Gewöhnliche Buben, ganz stark

Bänz Friedli hat ein packendes Buch vorgelesen. Hören Sie an dieser Stelle die MP3-Version der neuen Hausmann-Kolumne und diskutieren Sie beim aktuellen Thema mit.

«Lieber Walter Matthias Diggelmann», hätte ich begonnen, «endlich! Endlich ein Schriftsteller, der die Buben ernst nimmt, endlich ein Buch, das ihnen gerecht wird – ich danke Ihnen dafür.» Hans und ich sind seit Wochen im Bann des Romans «Zwischenfall auf der Baustelle». Zwei Dutzend Jungen jagen darin einem Düsterling nach, der bis wenige Seiten vor Schluss ein Phantom bleibt. Keine Übermenschen sind es, die hier zu Helden werden, sondern Handlanger, Kantinenburschen auf einer Grossbaustelle. Aber bevor du diesen Brief schreibst, sagte ich zu mir, musst du nachschauen, ob er überhaupt noch lebt, dieser Diggelmann … Und, nein: Ich hätte an einen Toten schreiben müssen. Diggelmann starb, 52 Jahre jung, bereits 1979.

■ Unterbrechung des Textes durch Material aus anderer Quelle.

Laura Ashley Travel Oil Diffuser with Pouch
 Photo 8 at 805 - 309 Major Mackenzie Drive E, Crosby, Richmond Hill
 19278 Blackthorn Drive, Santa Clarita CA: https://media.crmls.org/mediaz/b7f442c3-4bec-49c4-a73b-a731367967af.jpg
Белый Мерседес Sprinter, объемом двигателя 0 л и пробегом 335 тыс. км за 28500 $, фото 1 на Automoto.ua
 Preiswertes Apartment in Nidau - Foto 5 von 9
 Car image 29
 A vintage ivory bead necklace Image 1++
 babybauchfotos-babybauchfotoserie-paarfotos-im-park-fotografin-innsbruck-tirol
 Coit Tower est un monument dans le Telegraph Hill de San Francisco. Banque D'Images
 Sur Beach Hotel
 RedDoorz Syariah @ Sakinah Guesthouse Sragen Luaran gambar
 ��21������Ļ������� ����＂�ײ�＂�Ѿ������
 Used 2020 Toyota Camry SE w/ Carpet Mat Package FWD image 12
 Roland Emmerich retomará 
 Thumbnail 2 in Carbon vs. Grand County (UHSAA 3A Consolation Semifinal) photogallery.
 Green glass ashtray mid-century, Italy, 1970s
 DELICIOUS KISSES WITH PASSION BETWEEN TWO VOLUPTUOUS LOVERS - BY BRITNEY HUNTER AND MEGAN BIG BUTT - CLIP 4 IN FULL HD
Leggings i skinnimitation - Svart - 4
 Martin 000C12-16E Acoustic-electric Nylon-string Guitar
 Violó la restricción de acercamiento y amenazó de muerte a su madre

«Ein Buch, zuweilen kalt und erbarmungslos – aber menschlich.»
«Ein Buch, zuweilen kalt und erbarmungslos – aber menschlich.»

Das Buch ist ein Glücksfall. Schon öfter hatte Hans sich über die klischierten Rollen in der Jugendliteratur genervt. «Gopf, könnte bitte mal wieder ein Bub in einem Teeniebuch einfach cool sein und nicht immer ungelenk, doof, dick, grossmaulig oder alles zusammen?», schimpfte er unlängst. «Und könnte vielleicht wieder mal ein Mädchen als albern oder besserwisserisch dargestellt werden – statt immer nur als pfiffig, tapfer, keck und mutig?»

Recht hat er, der Hans. Etwas allzu penetrant werden Mädchen in Jugendbüchern als schlau und stark beschrieben, und die Jungs gehen unter. Das fängt beim Pixi-Buch «Conni spielt Fussball» an und geht bis zur taffen Katniss in «Die Tribute von Panem». Sicher ist nichts dagegen einzuwenden, wenn Mädchen bestärkt werden, keine Anpässlerinnen zu sein. Aber wer, bitte, bestärkt die Jungs?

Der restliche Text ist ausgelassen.